SREs main focus is to reduce toil by which they make time to do development/engineering tasks. Toil is "the kind of work tied to running a production service that tends to be manual, repetitive, automatable, tactical, devoid of enduring value, and that scales linearly as a service grows". Google wants its SREs to spend less than 50% of their time doing toil. To achieve that, toil—which can be thought of as the result of operational technical debt—needs to be identified and paid back through building more automation. SREs days involves both ops work(tickets, on-call & manual tasks) and development work(internal tooling, SRE tools and building automatic systems). The percentage of time spent on ops and development work is an important metric to track as over time percentage of ops work for each system should decrease.

Days in the life of SRE

  • 50% time in Ops and 50% time in Development - Ideal at start
  • 80% time in Ops and 20% time in Development - This doesn't look good, so SREs shift 30% of Ops work to development team and get the stats back to 50/50
  • 25% time in Ops and 50% time in Development - SREs use the remaining 25% to share the workload of another team.
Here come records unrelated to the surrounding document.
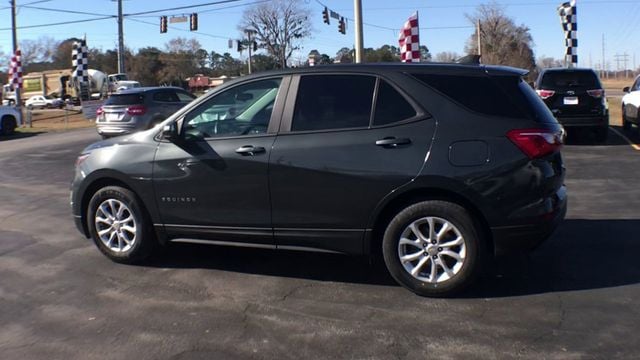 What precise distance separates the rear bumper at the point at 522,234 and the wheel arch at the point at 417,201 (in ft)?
0.28

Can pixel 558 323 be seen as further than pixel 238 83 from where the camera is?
No

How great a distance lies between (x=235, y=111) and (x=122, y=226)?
62.3 inches

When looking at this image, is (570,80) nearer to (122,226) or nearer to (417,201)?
(417,201)

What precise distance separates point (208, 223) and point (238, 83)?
49.6 inches

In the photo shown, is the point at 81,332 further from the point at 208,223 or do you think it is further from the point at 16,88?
the point at 16,88

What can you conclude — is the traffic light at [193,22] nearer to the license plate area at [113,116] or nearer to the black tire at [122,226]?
the license plate area at [113,116]

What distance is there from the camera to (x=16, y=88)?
33906mm

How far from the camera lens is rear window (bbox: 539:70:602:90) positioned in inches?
542

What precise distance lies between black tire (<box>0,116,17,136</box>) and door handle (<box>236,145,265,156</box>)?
22951 mm

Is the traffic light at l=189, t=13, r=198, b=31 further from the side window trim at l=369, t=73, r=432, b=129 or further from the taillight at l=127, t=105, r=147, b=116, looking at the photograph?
the side window trim at l=369, t=73, r=432, b=129

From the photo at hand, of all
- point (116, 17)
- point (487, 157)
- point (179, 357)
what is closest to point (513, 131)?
point (487, 157)

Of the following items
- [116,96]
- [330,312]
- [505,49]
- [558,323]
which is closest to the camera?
[558,323]

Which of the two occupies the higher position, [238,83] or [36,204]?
[238,83]

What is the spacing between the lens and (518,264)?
214 inches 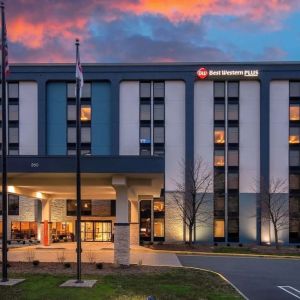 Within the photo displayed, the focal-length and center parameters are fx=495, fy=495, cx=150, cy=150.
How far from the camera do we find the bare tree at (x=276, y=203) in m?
54.4

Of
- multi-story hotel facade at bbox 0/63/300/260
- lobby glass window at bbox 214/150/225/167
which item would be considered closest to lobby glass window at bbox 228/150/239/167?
multi-story hotel facade at bbox 0/63/300/260

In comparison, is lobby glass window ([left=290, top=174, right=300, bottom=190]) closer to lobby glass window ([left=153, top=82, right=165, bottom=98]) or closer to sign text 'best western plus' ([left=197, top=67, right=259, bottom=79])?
sign text 'best western plus' ([left=197, top=67, right=259, bottom=79])

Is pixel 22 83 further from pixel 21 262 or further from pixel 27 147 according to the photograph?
pixel 21 262

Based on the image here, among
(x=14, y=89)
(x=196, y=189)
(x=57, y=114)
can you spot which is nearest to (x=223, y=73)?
(x=196, y=189)

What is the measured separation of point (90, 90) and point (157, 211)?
53.4 ft

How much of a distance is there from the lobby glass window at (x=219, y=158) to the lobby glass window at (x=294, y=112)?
8.91m

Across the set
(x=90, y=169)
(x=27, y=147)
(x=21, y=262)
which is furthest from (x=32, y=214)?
(x=90, y=169)

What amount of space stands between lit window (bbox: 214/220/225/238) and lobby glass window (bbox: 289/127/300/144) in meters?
12.3

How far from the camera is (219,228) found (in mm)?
56625

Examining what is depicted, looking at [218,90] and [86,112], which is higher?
[218,90]

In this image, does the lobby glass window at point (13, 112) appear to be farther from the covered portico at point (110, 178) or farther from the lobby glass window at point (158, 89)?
the covered portico at point (110, 178)

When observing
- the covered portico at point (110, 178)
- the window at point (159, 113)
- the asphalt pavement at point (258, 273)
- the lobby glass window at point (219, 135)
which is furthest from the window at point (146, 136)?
the covered portico at point (110, 178)

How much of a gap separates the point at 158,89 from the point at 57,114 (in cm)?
1228

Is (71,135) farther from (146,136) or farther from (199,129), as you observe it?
(199,129) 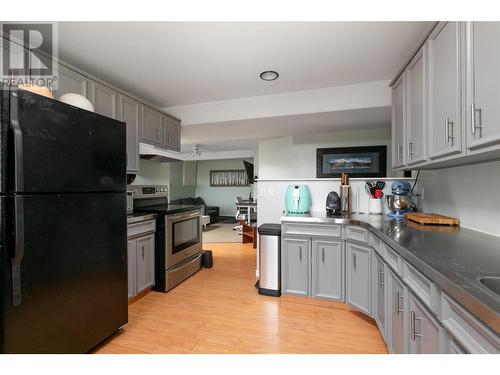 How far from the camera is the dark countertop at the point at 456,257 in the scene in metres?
0.69

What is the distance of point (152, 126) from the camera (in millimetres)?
2904

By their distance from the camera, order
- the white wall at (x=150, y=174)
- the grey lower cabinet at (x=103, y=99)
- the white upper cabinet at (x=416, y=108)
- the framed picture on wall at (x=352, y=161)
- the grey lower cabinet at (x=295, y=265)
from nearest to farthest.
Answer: the white upper cabinet at (x=416, y=108), the grey lower cabinet at (x=103, y=99), the grey lower cabinet at (x=295, y=265), the white wall at (x=150, y=174), the framed picture on wall at (x=352, y=161)

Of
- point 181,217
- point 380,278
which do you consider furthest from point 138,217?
point 380,278

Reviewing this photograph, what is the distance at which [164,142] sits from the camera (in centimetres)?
311

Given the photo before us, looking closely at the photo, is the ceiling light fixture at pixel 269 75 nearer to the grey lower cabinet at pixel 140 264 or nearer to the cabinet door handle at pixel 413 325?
the grey lower cabinet at pixel 140 264

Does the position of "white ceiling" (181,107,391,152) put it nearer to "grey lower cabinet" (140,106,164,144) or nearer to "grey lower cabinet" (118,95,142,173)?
"grey lower cabinet" (140,106,164,144)

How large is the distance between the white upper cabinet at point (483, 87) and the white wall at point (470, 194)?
1.75ft

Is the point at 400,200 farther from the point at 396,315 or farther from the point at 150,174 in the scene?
the point at 150,174

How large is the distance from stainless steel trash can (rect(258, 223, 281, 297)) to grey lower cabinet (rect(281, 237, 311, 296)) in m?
0.06

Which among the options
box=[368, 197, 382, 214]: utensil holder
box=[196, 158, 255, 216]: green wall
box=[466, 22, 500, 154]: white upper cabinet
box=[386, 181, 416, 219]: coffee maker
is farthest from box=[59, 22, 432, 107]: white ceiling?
box=[196, 158, 255, 216]: green wall

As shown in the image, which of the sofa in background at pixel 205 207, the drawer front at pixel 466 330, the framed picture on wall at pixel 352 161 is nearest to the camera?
the drawer front at pixel 466 330

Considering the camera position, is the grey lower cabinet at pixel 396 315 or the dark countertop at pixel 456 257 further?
the grey lower cabinet at pixel 396 315

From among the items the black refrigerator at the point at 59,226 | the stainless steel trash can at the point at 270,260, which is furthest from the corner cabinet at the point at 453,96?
the black refrigerator at the point at 59,226
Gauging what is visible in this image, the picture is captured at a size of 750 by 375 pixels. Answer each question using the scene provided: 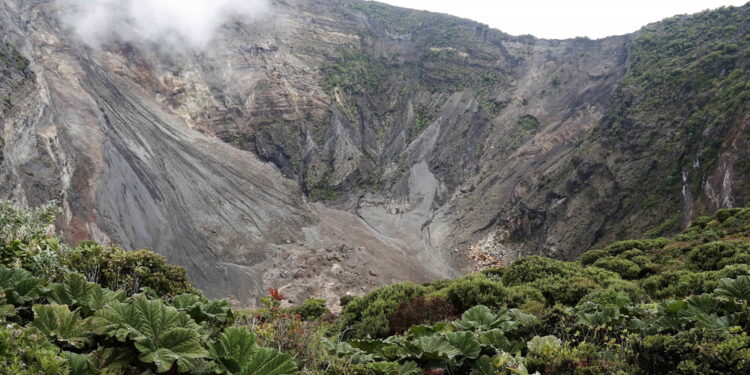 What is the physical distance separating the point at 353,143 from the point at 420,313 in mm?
56240

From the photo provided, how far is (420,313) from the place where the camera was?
11.5 meters

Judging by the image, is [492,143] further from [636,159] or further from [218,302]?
[218,302]

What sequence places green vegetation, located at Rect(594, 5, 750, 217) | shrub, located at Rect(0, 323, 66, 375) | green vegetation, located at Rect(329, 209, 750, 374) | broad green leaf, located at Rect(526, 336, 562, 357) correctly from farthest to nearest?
green vegetation, located at Rect(594, 5, 750, 217), broad green leaf, located at Rect(526, 336, 562, 357), green vegetation, located at Rect(329, 209, 750, 374), shrub, located at Rect(0, 323, 66, 375)

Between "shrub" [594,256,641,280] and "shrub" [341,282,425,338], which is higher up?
"shrub" [594,256,641,280]

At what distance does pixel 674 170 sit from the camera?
3341 centimetres

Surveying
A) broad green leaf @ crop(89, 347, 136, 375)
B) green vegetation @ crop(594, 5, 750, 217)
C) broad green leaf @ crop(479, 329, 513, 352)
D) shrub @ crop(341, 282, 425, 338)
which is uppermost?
green vegetation @ crop(594, 5, 750, 217)

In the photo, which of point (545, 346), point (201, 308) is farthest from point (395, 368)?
point (201, 308)

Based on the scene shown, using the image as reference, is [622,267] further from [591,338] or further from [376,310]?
[591,338]

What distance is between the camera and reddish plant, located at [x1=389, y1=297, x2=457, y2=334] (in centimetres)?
1121

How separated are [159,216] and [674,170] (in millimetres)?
39144

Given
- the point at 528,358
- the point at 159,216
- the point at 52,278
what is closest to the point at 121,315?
the point at 52,278

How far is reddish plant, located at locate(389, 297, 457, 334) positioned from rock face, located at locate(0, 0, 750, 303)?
21.3m

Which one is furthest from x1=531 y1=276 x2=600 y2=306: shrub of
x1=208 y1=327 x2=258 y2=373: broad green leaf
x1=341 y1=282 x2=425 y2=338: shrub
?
x1=208 y1=327 x2=258 y2=373: broad green leaf

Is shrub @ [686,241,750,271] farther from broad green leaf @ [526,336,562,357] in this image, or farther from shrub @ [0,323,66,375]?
shrub @ [0,323,66,375] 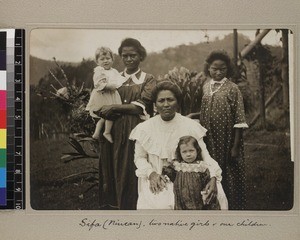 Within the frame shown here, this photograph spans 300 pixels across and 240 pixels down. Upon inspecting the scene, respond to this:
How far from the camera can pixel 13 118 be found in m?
1.73

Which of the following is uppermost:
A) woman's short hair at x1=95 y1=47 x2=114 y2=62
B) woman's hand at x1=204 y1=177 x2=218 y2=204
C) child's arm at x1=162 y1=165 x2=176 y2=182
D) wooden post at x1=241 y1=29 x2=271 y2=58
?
wooden post at x1=241 y1=29 x2=271 y2=58

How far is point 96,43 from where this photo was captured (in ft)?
5.66

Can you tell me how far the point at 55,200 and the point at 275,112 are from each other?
897mm

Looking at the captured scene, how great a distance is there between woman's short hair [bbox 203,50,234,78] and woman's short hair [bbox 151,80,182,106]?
13 cm

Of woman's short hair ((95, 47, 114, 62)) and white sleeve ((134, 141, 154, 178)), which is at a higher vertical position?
woman's short hair ((95, 47, 114, 62))

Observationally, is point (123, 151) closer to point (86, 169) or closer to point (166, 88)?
point (86, 169)

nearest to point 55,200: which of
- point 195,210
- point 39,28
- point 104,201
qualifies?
point 104,201

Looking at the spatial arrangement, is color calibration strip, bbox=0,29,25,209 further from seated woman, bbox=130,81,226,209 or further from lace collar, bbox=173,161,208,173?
lace collar, bbox=173,161,208,173

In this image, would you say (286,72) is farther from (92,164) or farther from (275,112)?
(92,164)

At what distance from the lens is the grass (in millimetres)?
1724

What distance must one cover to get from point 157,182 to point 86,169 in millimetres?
272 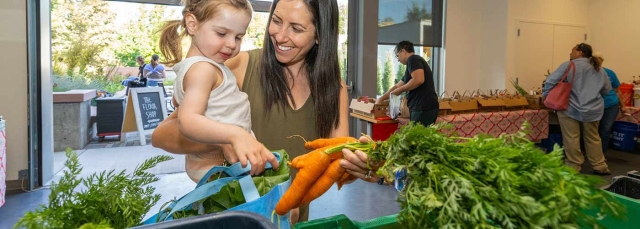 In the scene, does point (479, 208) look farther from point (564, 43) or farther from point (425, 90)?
point (564, 43)

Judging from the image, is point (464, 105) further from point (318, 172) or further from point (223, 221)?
point (223, 221)

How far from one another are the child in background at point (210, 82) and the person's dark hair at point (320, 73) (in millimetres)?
181

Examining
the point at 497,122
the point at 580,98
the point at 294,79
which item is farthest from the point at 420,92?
the point at 294,79

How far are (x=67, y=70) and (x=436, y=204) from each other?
201 inches

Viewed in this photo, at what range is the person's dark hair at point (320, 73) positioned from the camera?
1.16 meters

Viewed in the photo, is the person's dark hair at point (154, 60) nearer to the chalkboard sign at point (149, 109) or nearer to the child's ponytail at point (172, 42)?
the chalkboard sign at point (149, 109)

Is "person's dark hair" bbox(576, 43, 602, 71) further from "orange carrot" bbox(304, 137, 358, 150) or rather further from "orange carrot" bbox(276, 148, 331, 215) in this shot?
"orange carrot" bbox(276, 148, 331, 215)

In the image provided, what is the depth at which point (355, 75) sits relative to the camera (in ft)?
16.0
SREs main goal is to increase reliability, they do that by talking with various business stakeholders and monitoring customer usage to negotiate a realistic reliability percentage. For example, after various discussions SRE and Platform come to an availability level say 99.99% in that case below table shows how much downtime that system can have.

Availability levelper yearper quarterper monthper weekper dayper hour
99.99%52.6 minutes12.96 minutes4.32 minutes60.5 seconds8.64 seconds0.36 seconds

This permitted downtime is the Error Budget(100% - 99.99% = 0.01%) and when we have enough error budget to spend, we can use it to,

  • Release new features
  • Upgrade infrastructures/software upgrades
  • Risky experiments

Other events/activities that eat up the Error Budget are,

  • Infrastructure failures (software, hardware, database, networks, etc)
  • Application downtime

When the Error budget is exhausted, development team and SRE can work on tasks which improves reliability of the application until Error budget is replenished,

  • Slow down feature releases
  • Prioritize postmortem items
  • Automate deployment pipelines
  • Improve monitoring and observability

SREs want to set precise numerical targets(99.99%) for system availability by setting Service Level Objectives(SLO) and going forward in any discussions we have in the future about whether the system is running reliably, any design or architectural changes we should make it a point that our system meets this SLO.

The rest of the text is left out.